Pero ahora, muchos de estos súbditos exigen ser ciudadanos de pleno derecho. Se manifiestan en Túnez o en El Cairo contra los «héroes» de Brecht. Masas unidas por determinada cultura, enlazadas en la red, dicen basta al maltrato policial, dicen basta al descontrol interesado de productos alimenticios vitales, dicen basta a la perpetuación del poder en una sola mano. Arriesgan estabilidad; arriesgan incluso la riqueza que les venía de un turismo que ahora dudará; arriesgan sus propios escasos bienes. Pero no se resignan a seguir modelos de convivencia desmochados. Creen en la alternancia política; odian la corrupción que les ha descapitalizado y prostituido; necesitan esperanza, futuro, horizontes.

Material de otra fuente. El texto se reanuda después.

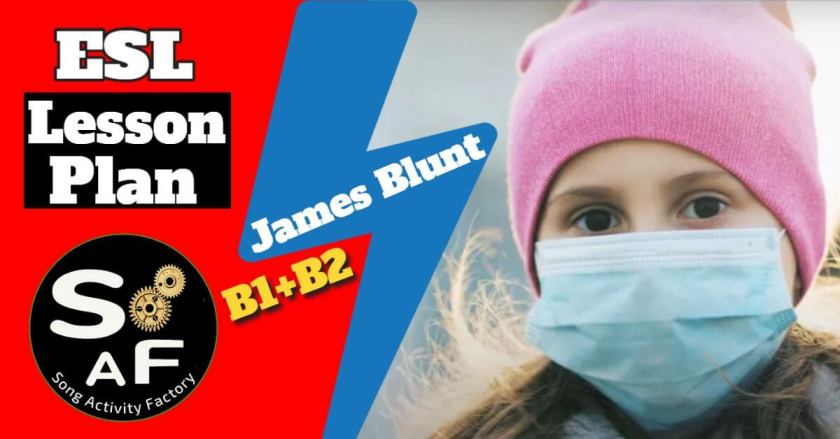 James Blunt's "The Greatest" lesson plan for ESL teachers, featuring YouTube video, worksheets, and Google Slides. Optimized for online teaching with Zoom.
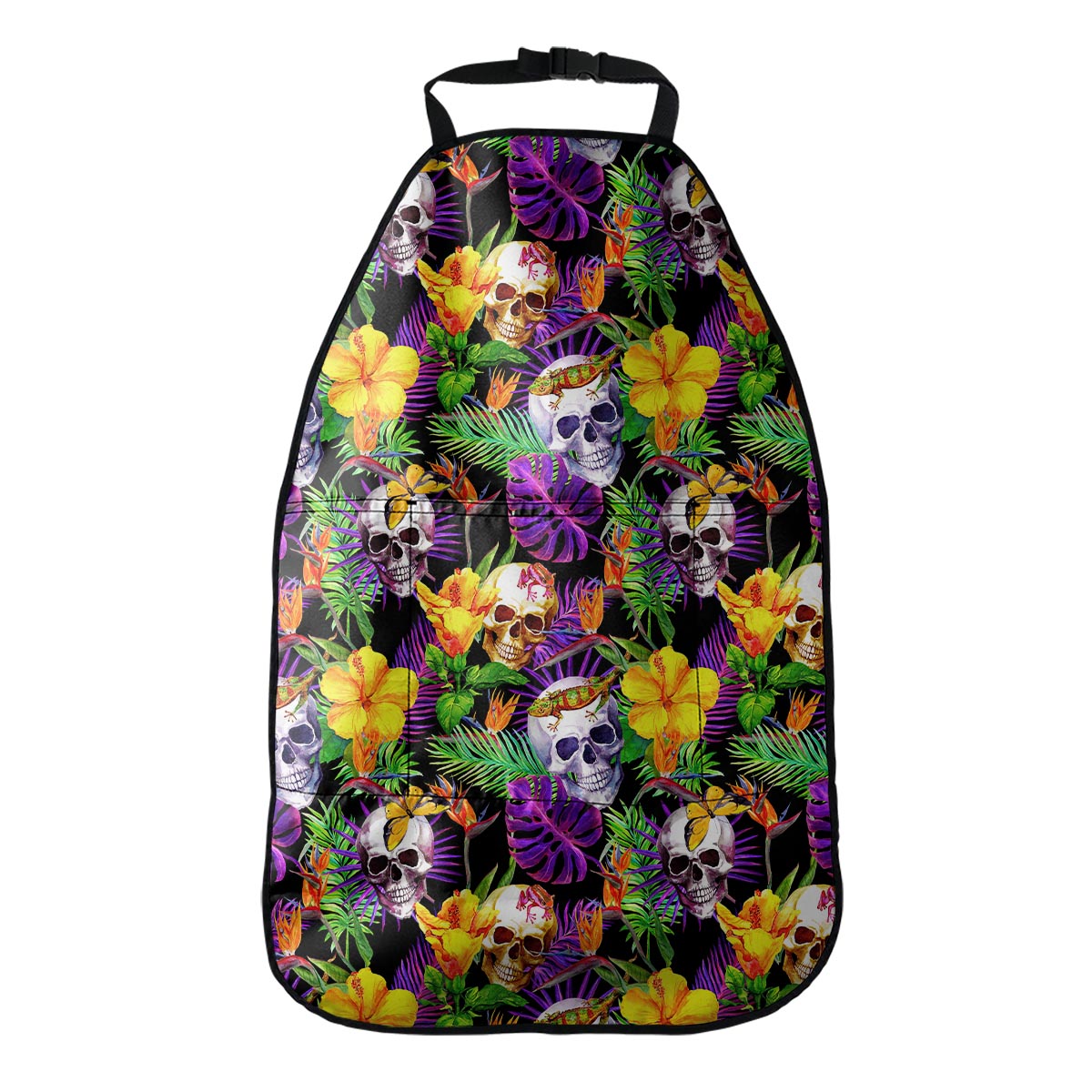 Purple Tropical Skull Pattern Print Car Seat Organizers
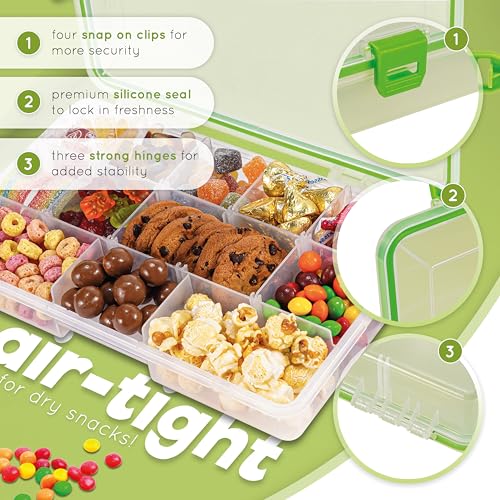 Create-ables Snackle Box Container Reel Bites BPA-Free Snack Container for Travel, 13-Compartment Snackle Box with Adjustable Dividers, Dishwasher Safe – 10.5 inch - size: 10.5 inch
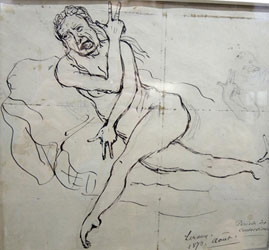Figure 9 : Dessin d’observation datant de 1873 : « Leroux, période des contorsions, août 1873. », deuxième phase de la grande attaque hystérique décrite par l’équipe de Charcot. (© Musée de l’AP-HP/ Photo : HCS)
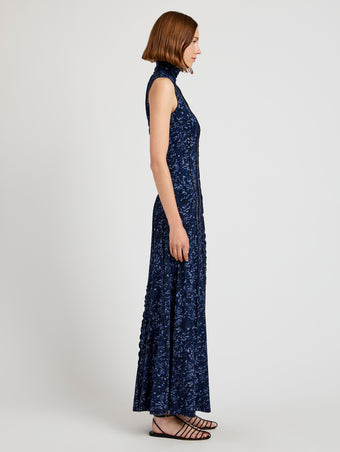 Proenza Schouler side image of model wearing Valentina Dress in Printed Jersey in navy/slate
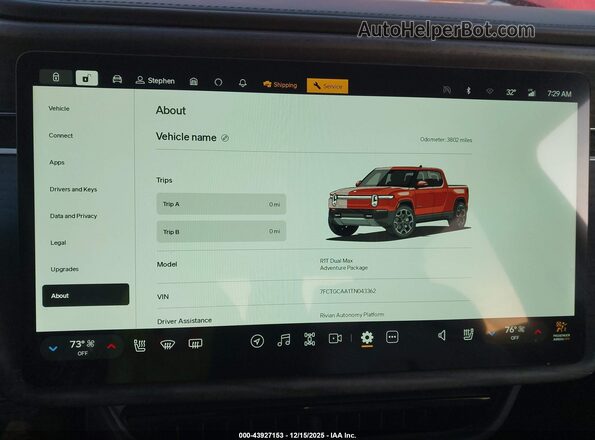 7FCTGCAA1TN043362 2026 RIVIAN R1T Red Vista interior de 360 grados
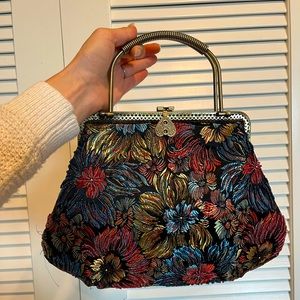 Vintage brass and floral beaded purse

El modelo ya no puede apoyarse en una persona –el presidente– de carisma más o menos definido. Necesitan apoyar y apoyarse en unas administraciones eficaces y honestas al servicio de la ciudadanía que representan. Poco debería importarles quien administrará este poder en nombre de todos. Quien les servirá y no se servirá de ellas, de estas masas adormecidas hasta hace unas semanas, que hoy gritan con cólera por las calles de Túnez , El Cairo o Managua...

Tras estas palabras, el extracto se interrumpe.